Но патриарх Кирилл человек несомненно богословски искушенный, и он прекрасно знаком с проблемами герменевтики. Значит - выбор им именно такого «пророческого» стиля это сознательный выбор в пользу позиции «авторитета» и давления на слушателя.
Мне как философу это уже неблизко (в том числе по этическим соображениям).
Но если бы патриаршее «учительство» ограничивалось богословием и духовным пастырством…
Нет, кроме этого патриарх нередко касается исторических сюжетов, при этом о сложнейших и дискуссионных эпизодах он говорит как о чем-то само собой разумеющемся. «Так надо!».

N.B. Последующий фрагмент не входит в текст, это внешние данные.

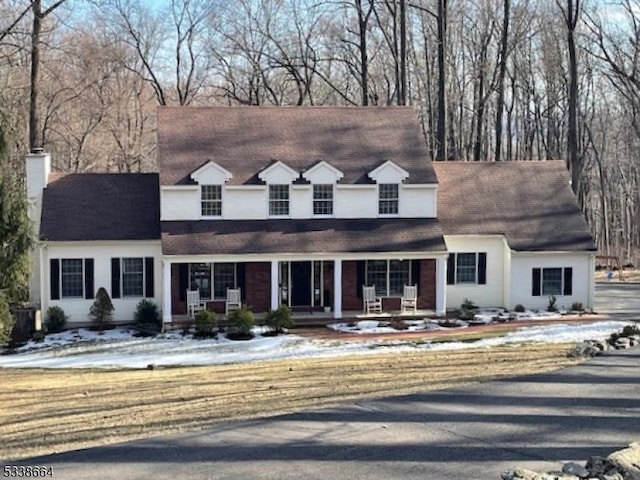 cape cod house with covered porch and a chimney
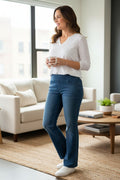 NYDJ Foundry Pull-On Bootcut Jeans – Medium Wash Stretch Denim Jeans on woman standing in her living room
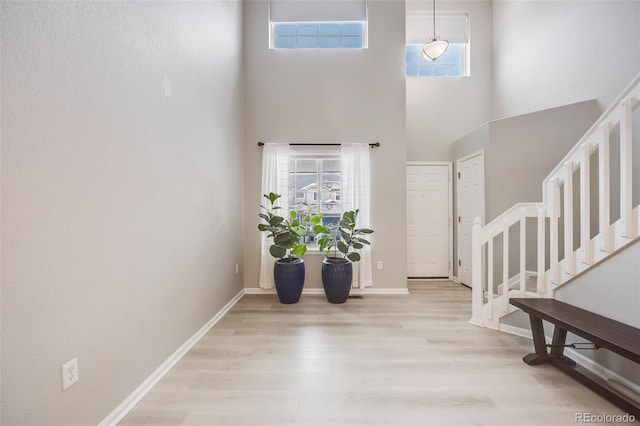 4821 N Silverlace Dr, Castle Rock, CO 80109 - entryway featuring stairway, baseboards, a high ceiling, and light wood-style flooring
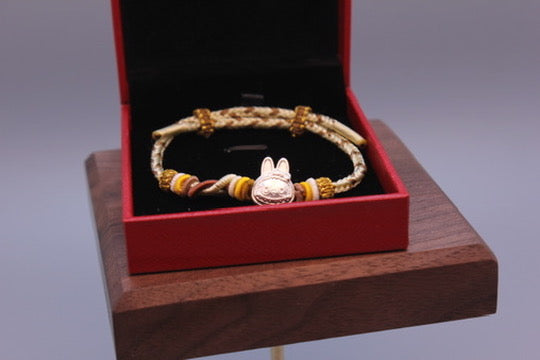 Artisan Woven Bracelet with Silver Sculpted Head Charm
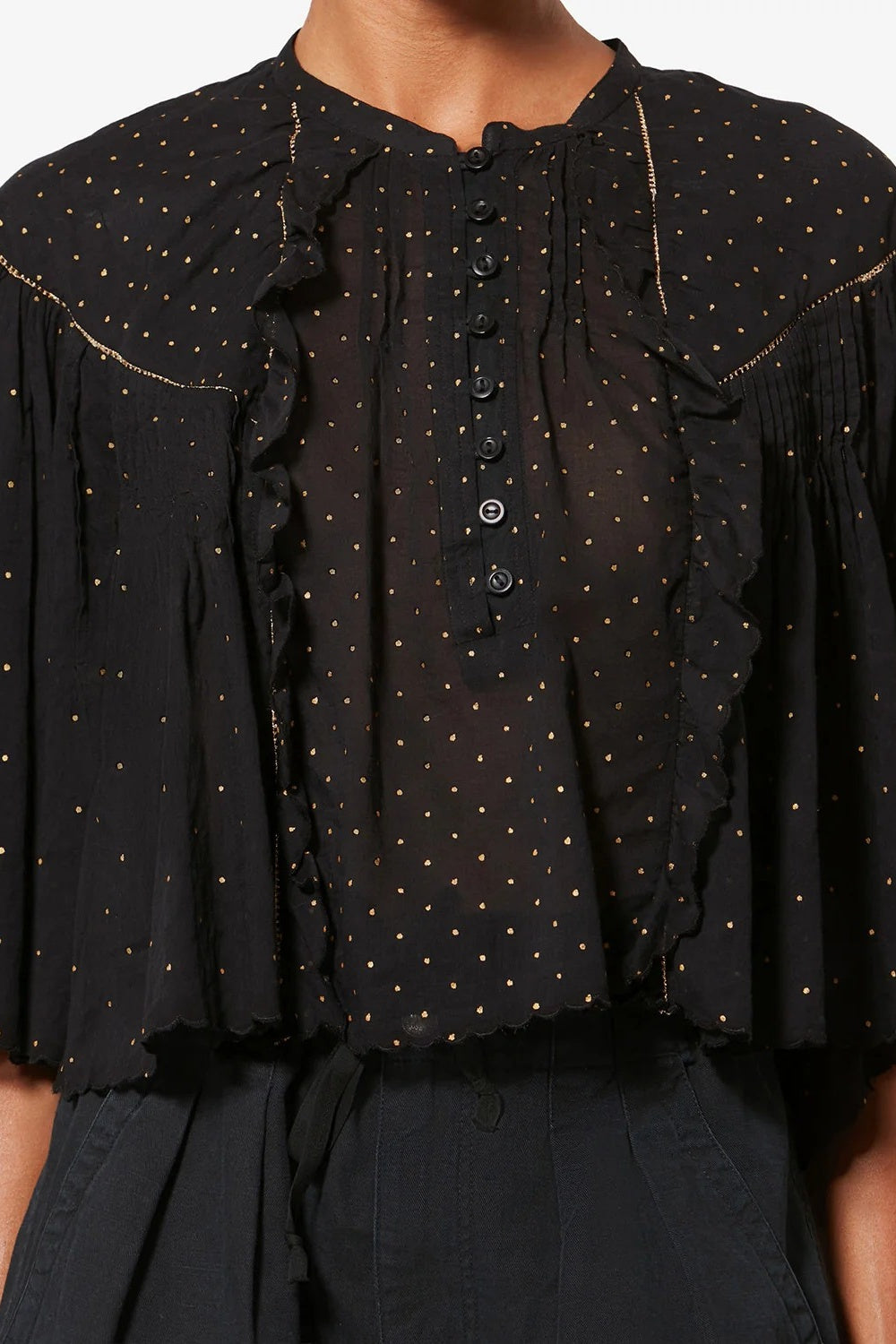 Black blouse with ruffled details and white polka dots on a white background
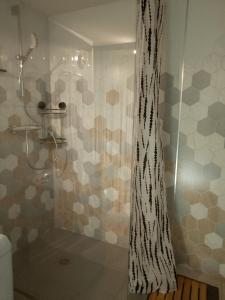 a shower with a black and white patterned shower curtain at Vielle-aure le 2bers 90 M2 avec mezzanine et linge inclu in Vielle-Aure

А я как философски воспитанный человек не могу отключить свой разум. Ради веры в непостижимую Божественную Троицу я могу по-кантовски «ограничить место разума дабы оставить место вере». Богу подобает быть Непостижимым и Сверх-логичным.
Но ради исторических оценок и мифов (все чаще совпадающих с советскими учебниками по истории) жертвовать разумом, образованием и знанием - нет, в отключку уходить не стану.
Может быть, референты Святейшего это (не мое существование, а общие культурные перемены) учтут и будут более внимательны в поиске аргументов и проверке источников.
Патриарха не переубедить. Знаю. Но, может более молодые люди, пока еще далекие от высоких постов, поймут, какое, милые, у нас тысячелетье на дворе…

Так что моя дискуссия не против Церкви, а ради нее. Ради ее будущего.